Stored procedure helps in accomplishing a steady execution of logic across programming languages and platforms. A block of SQL statements, with the needed business logic, can be written, analyzed and validated in a stored procedure to carry out a common job. Any application which requires to carry that common job can then merely execute the stored procedure. Moreover, the application does not need to compile and send the stored procedure at every execution. Writing business logic into a single stored procedure gives a common point of control to assure correct implementation of business rules.
Stored procedures are somewhat like user-defined functions (UDFs). The key distinction between them is that UDFs can be used like any other expression inside SQL statements, while stored procedures have to be executed using the CALL or EXECUTE statement.
A stored procedure can accept variables, return result-sets, and process the variables as when required.
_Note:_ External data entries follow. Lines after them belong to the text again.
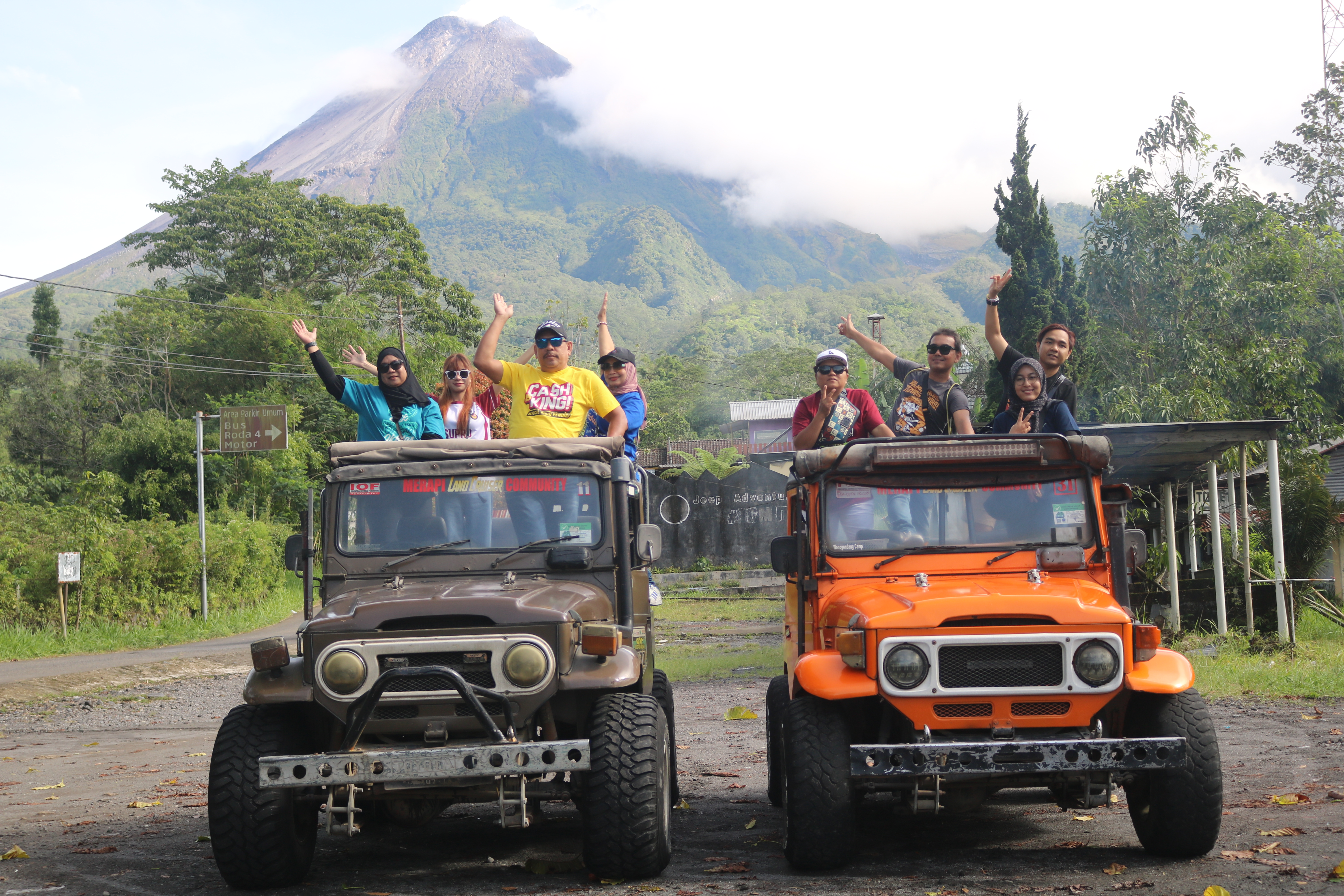Jeep Merapi Seru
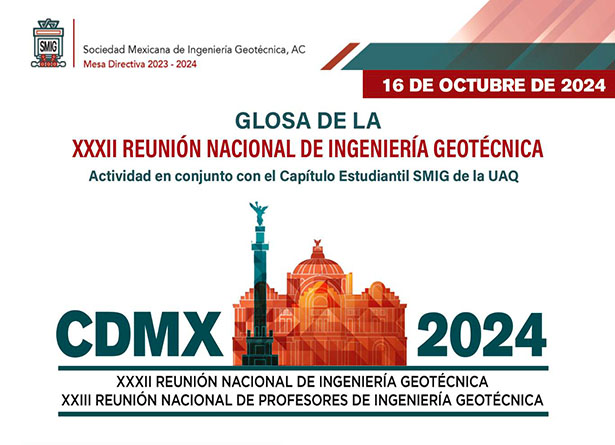 Glosa de la XXXII Reunión Nacional de Ingeniería Geotécnica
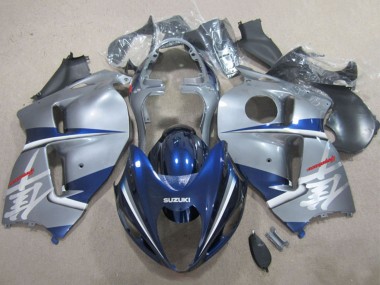 Shop 1996-2007 Suzuki GSXR 1300 Hayabusa Motorcycle Fairings - Silver Blue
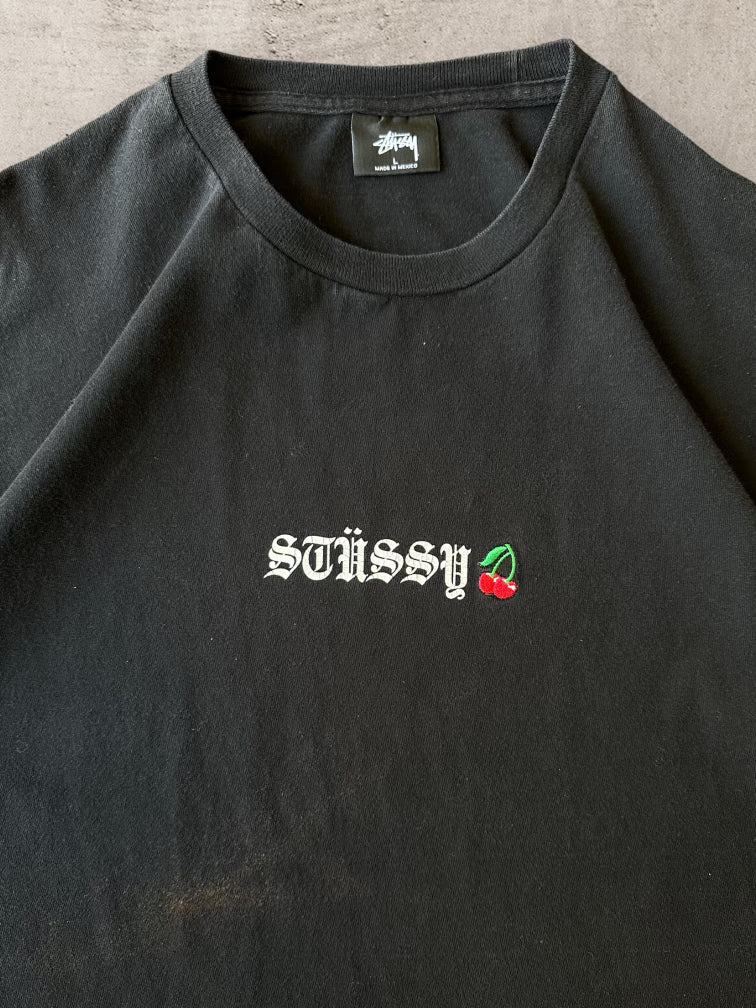00s Stussy Cherry Graphic T-Shirt - Large
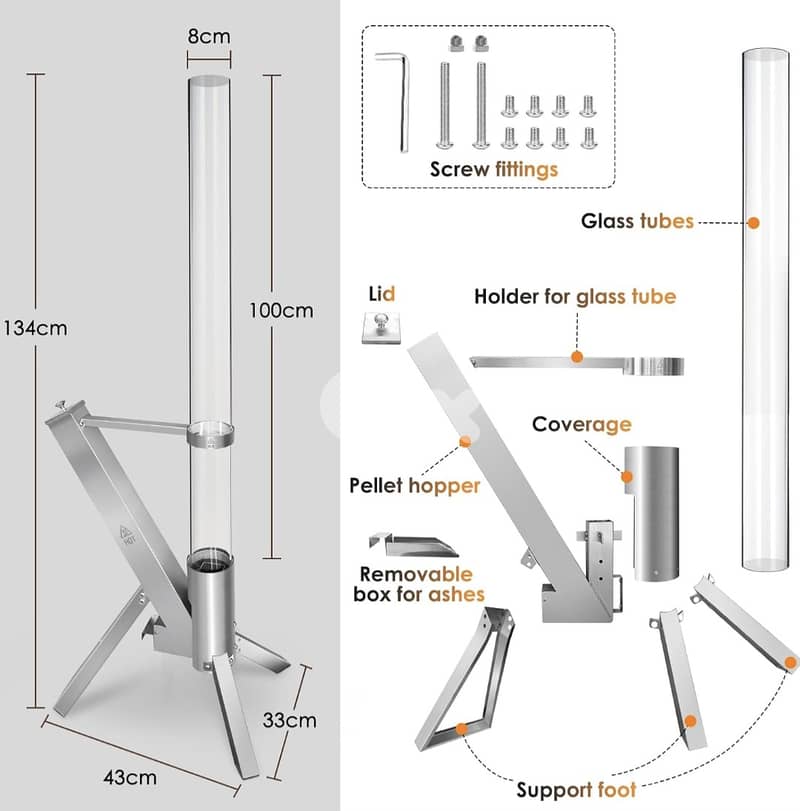 BELAVI Rocket Patio- wood pellet heaters/4$ delivery. 11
Result-set is a collection of database records produced as an outcome of a SELECT query.
The precise and proper implementation of stored procedure differs from database to database. They can be implemented in many programming languages, like C, C++, C#, Java or Visual Basic. Some widely used implementation forms are Transact-SQL (Microsoft), PL/SQL (Oracle), SQL/PL (IBM DB2), SPL (Informix), PL/PGSQL (PostgreSQL), and PSQL (Firebird).
- Hidden business logic – Stored procedures can shelter applications from requiring to know the particulars of the tables and business logic within the database. The user should only know the stored procedure name, input parameters and the return datatype.
- Precompiled storage and execution – Database server compiles the stored procedure once and then reutilizes the execution plan. This mechanism can remarkably improve performance when stored procedures are executed repetitively.
- Decreased client-server transfer – Block of SQL statements are reduced to a single line of execution, thus reducing network data transfer between client and database server. This also increases availability of resources.
- Reuse of code and business logic – Common stored procedure can be used by various applications and clients adhering to the same business logic.
- Improved security – Various users/clients can be granted permissions on a stored procedure thus improving security control and management.
Assume that a retail automation application is repeatedly executing the below query to validate available stock for various products.
SELECT Quantity FROM RetailInventory WHERE ProductID = ‘P1001’;
Each time the retail automation application runs the above query, the database server is forced to read, analyze and compile it. Hence, it increases load on the server.
CREATE PROCEDURE sp_GetAvailableQuantity
SELECT Quantity FROM RetailInventory WHERE ProductID = @productId;
Writing a stored procedure as above can considerably improve performance. Now, the retail automation application situated across multiple locations can access and execute the query. Also, the database server does not need to read, analyze and compile the stored procedure at each call.